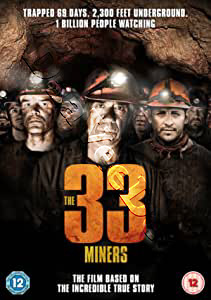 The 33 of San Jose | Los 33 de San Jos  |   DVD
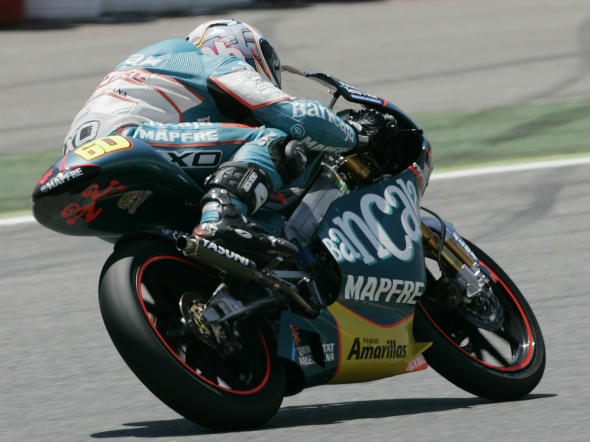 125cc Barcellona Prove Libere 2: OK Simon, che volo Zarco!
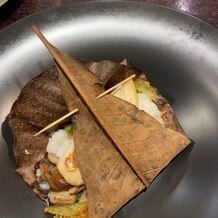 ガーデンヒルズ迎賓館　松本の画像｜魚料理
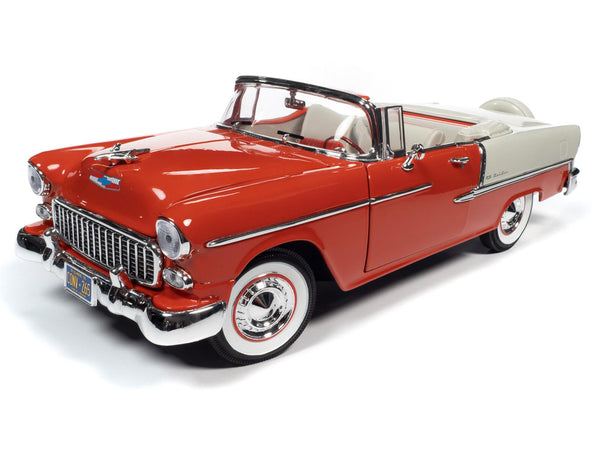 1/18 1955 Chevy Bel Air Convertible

------------------------------------

ACTION ITEM:
The whole listing above is to be printed again exactly; pictures stay out of it.

EXERCISE RESPONSE:
 The 33 of San Jose | Los 33 de San Jos  |   DVD
 125cc Barcellona Prove Libere 2: OK Simon, che volo Zarco!
 ガーデンヒルズ迎賓館　松本の画像｜魚料理
 1/18 1955 Chevy Bel Air Convertible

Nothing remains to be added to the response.